### Task to complete
Copy each entry below verbatim. Skip the pictures.

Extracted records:
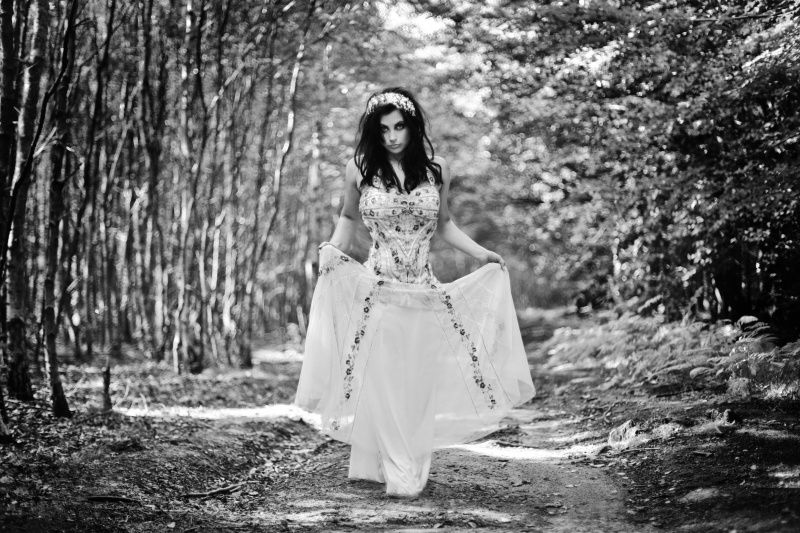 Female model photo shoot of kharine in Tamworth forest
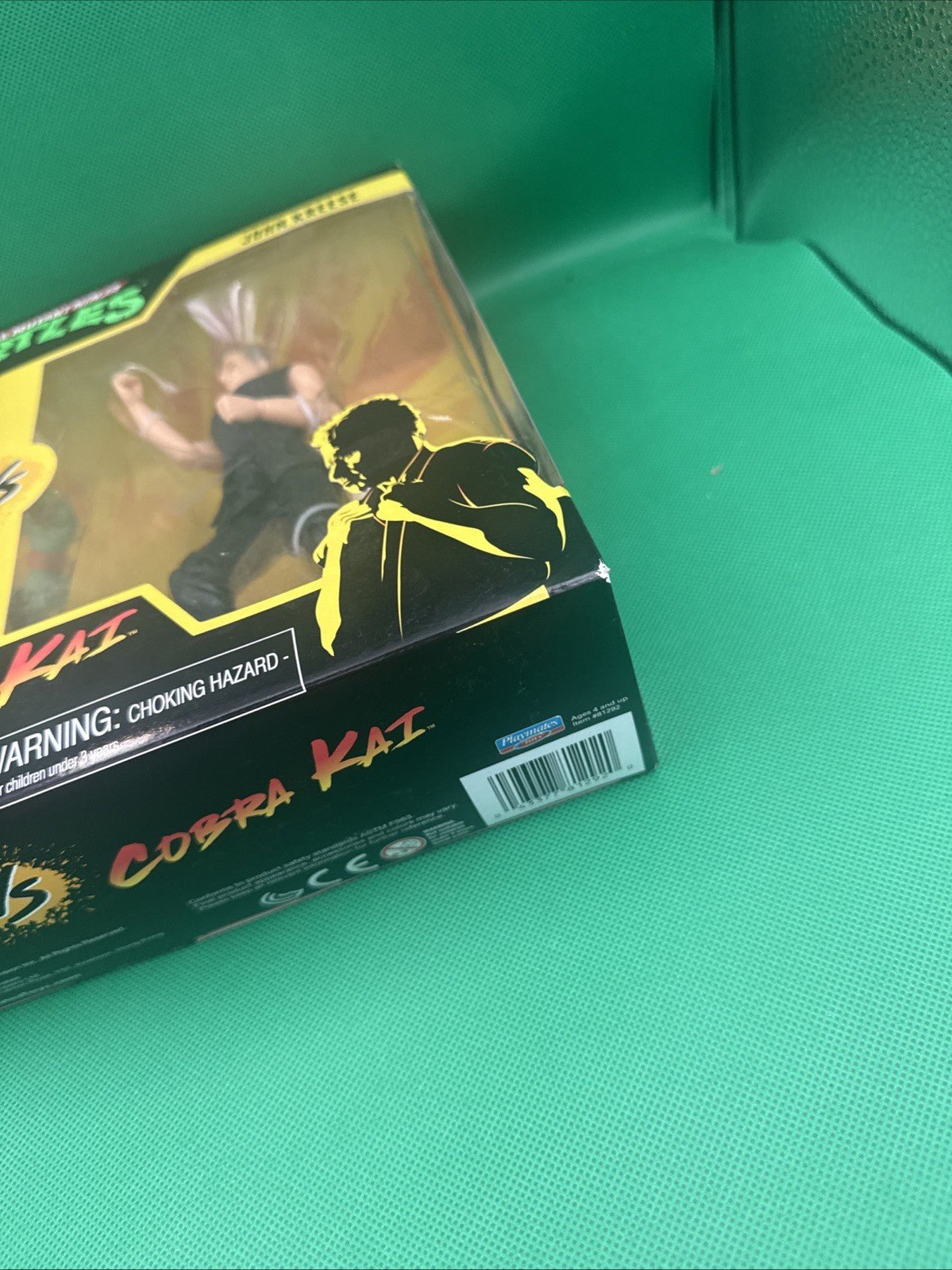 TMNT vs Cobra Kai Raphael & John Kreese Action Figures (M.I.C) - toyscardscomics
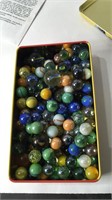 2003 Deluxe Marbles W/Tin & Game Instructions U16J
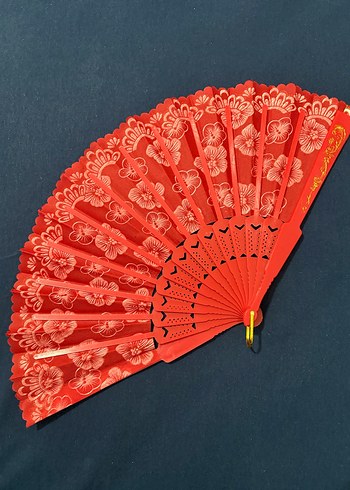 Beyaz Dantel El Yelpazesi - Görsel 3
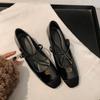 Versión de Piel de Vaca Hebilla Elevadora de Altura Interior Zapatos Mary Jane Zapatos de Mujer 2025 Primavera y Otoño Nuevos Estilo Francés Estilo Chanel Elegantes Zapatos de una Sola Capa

### Solution to this task
 Female model photo shoot of kharine in Tamworth forest
 TMNT vs Cobra Kai Raphael & John Kreese Action Figures (M.I.C) - toyscardscomics
 2003 Deluxe Marbles W/Tin & Game Instructions U16J
 Beyaz Dantel El Yelpazesi - Görsel 3
 Versión de Piel de Vaca Hebilla Elevadora de Altura Interior Zapatos Mary Jane Zapatos de Mujer 2025 Primavera y Otoño Nuevos Estilo Francés Estilo Chanel Elegantes Zapatos de una Sola Capa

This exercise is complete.